CORTE SUPREMA DE JUSTICIA  

SALA DE CASACION PENAL  

Magistrado Ponente:  

Dr.  FERNANDO  E.  ARBOLEDA RIPOLL   

Aprobado acta No. 92  

Bogotá, D. C.,  veintiocho de junio del  año dos mil uno.   

Se  pronuncia la Corte sobre la admisibilidad  de   la   demanda   de  casación  presentada  por  el  defensor  del  procesado  MARCO     ANTONIO     MACIAS     LOZANO.   

Antecedentes.-   

El 10 de julio de 1998, cuando el señor JOSE  HERNANDO  RIOS  AVILA  conducía el vehículo de servicio público de placas SFR  863  en  el  cual  cubría la ruta entre los barrios Kennedy y 20 de Julio de la  ciudad  de  Bogotá,  dos  sujetos  que  portaban arma de fuego y cortopunzante,  respectivamente,  pretendieron  despojarlo  del  dinero  recaudado  y  al oponer  resistencia  le causaron heridas de bala en el tórax, miembro superior derecho,  miembro  inferior  izquierdo, y heridas por arma cortopunzante en la cara, cuero  cabelludo y región dorsolumbar, las cuales determinaron su muerte.   

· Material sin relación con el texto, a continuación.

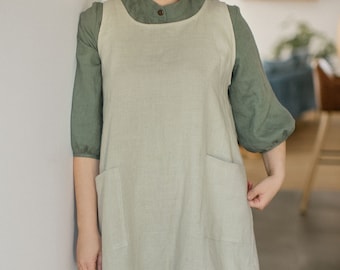 Linen cross back apron, Linen pinafore apron with pockets, Japanese apron birthday gift for women, Linen apron Mother day gift, 25 COLORS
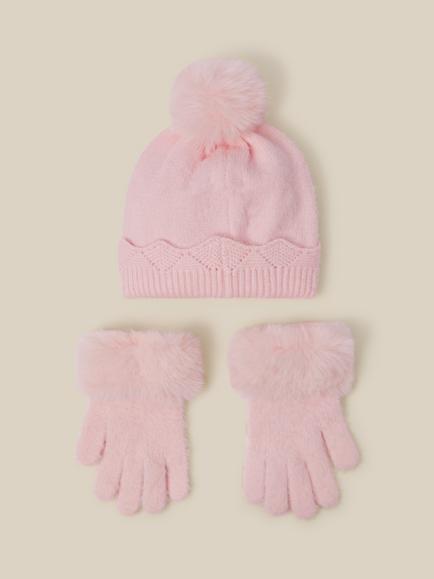 Monsoon Kids' Glam Bobble Hat & Gloves Set, Pink - view 2, Pink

Minutos  más  tarde, miembros de la policía  del  lugar dieron captura al sindicado  MARCO ANTONIO MACIAS LOZANO, cuando  aún portaba el arma cortopunzante, la cual le fue incautada.   

Abierta la investigación por la Fiscalía 62  delegada  ante  los  juzgados  penales  del circuito (fl. 23), vinculó mediante  indagatoria  al  señor MACIAS LOZANO (fl. 25), a quien la fiscalía veintitrés  de  la  misma especialidad, a donde fueron reasignadas las diligencias, definió  su  situación  jurídica  con  medida de aseguramiento de detención preventiva  por  el  concurso  de  delitos  de  homicidio agravado, hurto calificado y porte  ilegal de armas de fuego de defensa personal (fls. 39).   

Posteriormente,  a  solicitud  escrita  del  procesado  (fl. 76), con la asistencia de su defensor el dieciocho de septiembre  de  mil  novecientos noventa y ocho se amplió la indagatoria y se llevó a cabo  diligencia  de  formulación  de cargos para sentencia anticipada, en la cual se  lo  acusó  del  concurso  de  delitos de homicidio agravado, tentativa de hurto  calificado  y  porte  ilegal de armas de fuego de defensa personal, cuyos cargos  fueron íntegramente aceptados por aquél (fls. 122y ss).   

El  fallo  anticipado lo profirió el Juzgado  cuarenta  y  nueve  penal del circuito, autoridad que condenó al procesado a la  pena  principal  de  veintiocho  (28) años y cuatro (4) meses de prisión, y la  accesoria  de interdicción de derechos y funciones públicas por el término de  diez  (10)  años,  al declararlo penalmente responsable del concurso de delitos  imputado  en  el  acta  de  formulación  de  cargos  (fls.  3 y ss-2), mediante  sentencia  que  el  tribunal  superior  modificó  en  el  sentido  de imponerle  veintiocho  (28)  años  de  prisión,  en  lugar  de la que fijó el juzgado de  conocimiento,  y  confirmó  en sus restantes partes  al conocer en segunda  instancia  por  vía  de la apelación interpuesta por la defensa (fls. 69 y ss.  cno. Trib.).   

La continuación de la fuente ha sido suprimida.